Table 3B conducts the corresponding t-tests for Real GDP growth rate forecasts. At the one
year horizon, Consensus forecasts do not have statistically significant ex post errors (point estimate
of 0.18%), but Official forecasts have a mean over-optimism of 0.32%. In addition, official
forecasts are significantly more optimistic than private sector forecasts, with a mean difference of
0.14%. The differences are larger at the two-year horizon, with ex post official forecasts errors of
1.15%, private forecast errors of 0.99%, and a mean difference between the two of 0.16%, all of
which are significant at the 1% level.
Figures 2 and 3 plot the data for the example of Italy, comparing private and official
forecasts with the actual realizations. While private and official forecasts co-move strongly,
government forecasters consistently predict smaller deficits and faster growth. In sample, both
private and official forecasts proved themselves to be generally over-optimistic, but private
forecasts less so.
Can private forecasts be used to predict when official forecasts will prove to be over
optimistic?
In this section, we want to see if we can use private forecasts to improve on the
performance of predictions made by the official agencies. In other words, is the ex ante
discrepancy between private and official forecasts positively correlated with the discrepancy
between official forecasts and the realized outcome, that is, the ex post prediction error? In Table
4, we see that the answer is yes.
18
We define the Government-Consensus Budget Balance disagreement (Gov-Con) and the
government i-year ahead forecast error (BBEgt+i)
Gov-Con BBt+i =BB_Govt+i – BB_Cont+i
BBEgt+i =BB_Govt+i –BBt+i
where BB_Govt+i denotes the i-year ahead government budget balance forecast (as a % of GDP)
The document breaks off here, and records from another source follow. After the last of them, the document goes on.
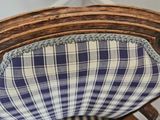a chair with a blue and white checkered cushion on it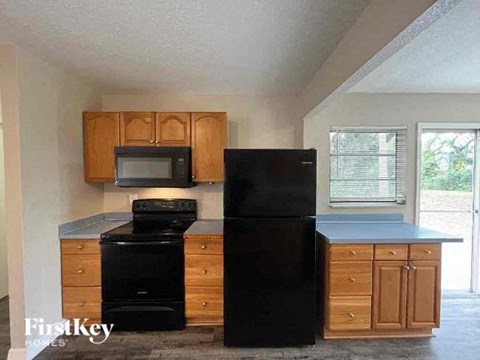 A black refrigerator stands next to a black oven and microwave in a kitchen.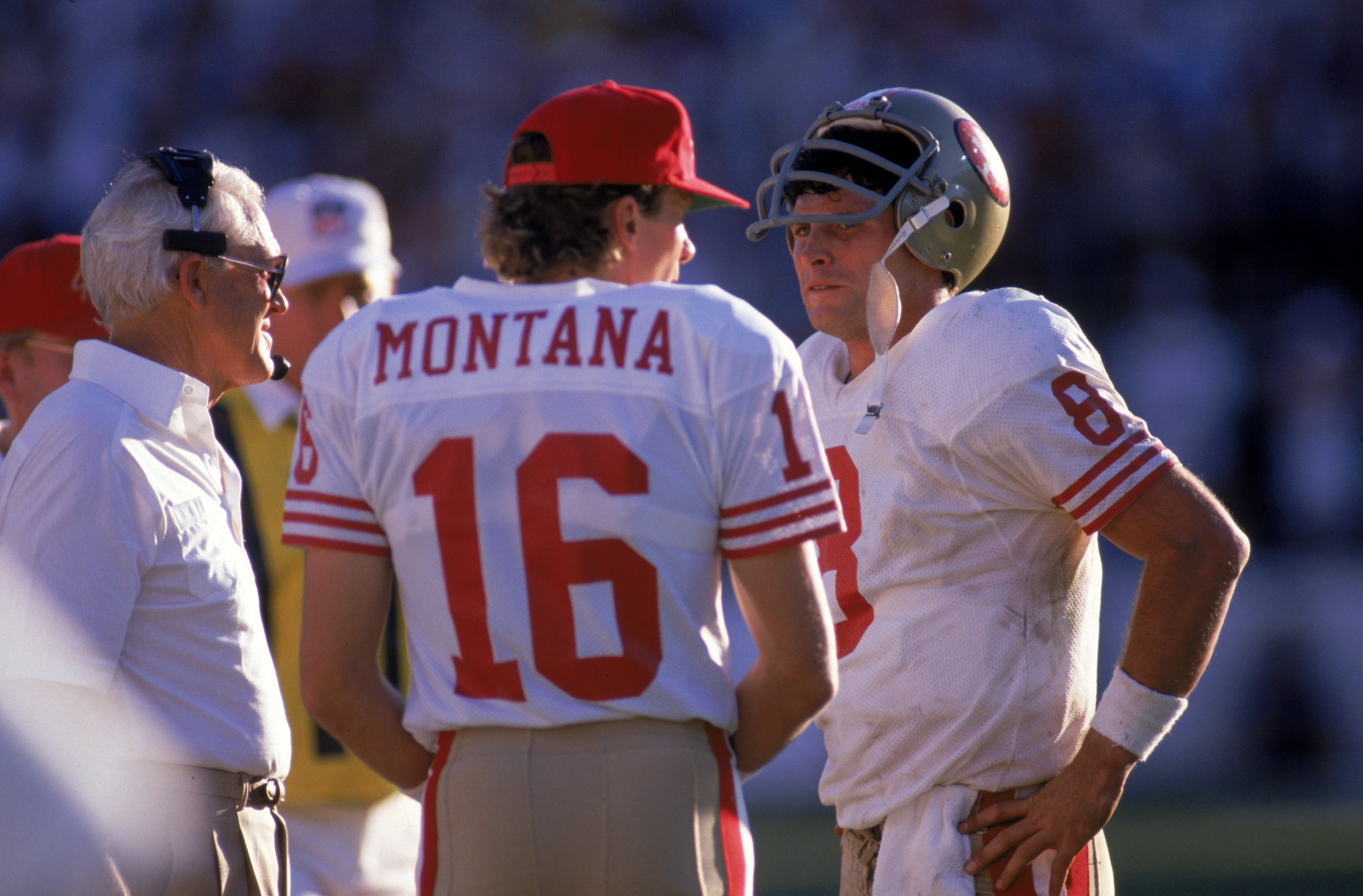 TEMPE, AZ - NOVEMBER 6:  Quarterbacks Steve Young #8 and Joe Montana #16 of the San Francisco 49ers discuss strategy with head coach Bill Walsh during the game against the Phoenix Cardinals at Sun Devil Stadium on Novemer 6, 1988 in Tempe, Arizona.  The C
made in year t, BB_Govt+i denotes the i-year ahead Consensus budget balance forecast made in year
t, and BBt+i denotes the actual budget balance in year t+i. In Table 4, we regress one- and two-year ex
post official forecast errors on this variable and various combinations of country and year fixed
effects and find that contemporary disagreement between private and official forecasters is a
useful measure for predicting when government forecasts will prove over-optimistic. In our
baseline specification (columns 1 and 2) without any fixed effects, for every 1% that the
government forecasts are more optimistic than private forecasts at the one year horizon, we find
an ex post government error of 0.93%. At the two year horizon, the point estimate is 0.61%. One
way to read this is that when government forecasts are unusually optimistic relative to private
forecasters, government forecasts on average are also unusually optimistic relative to the ex post
outcome. With only a constant and the difference between private and official forecasts in the
equation, we have an R-squared of 18% at the one year horizon and an R-squared of 4% at the two
year horizon. When we include year fixed effects, the results are further strengthened (columns 5
and 6), meaning that in a given year, those countries that made forecasts relatively more optimistic
than private sector forecasts have larger ex post budget deficits than those countries that did not.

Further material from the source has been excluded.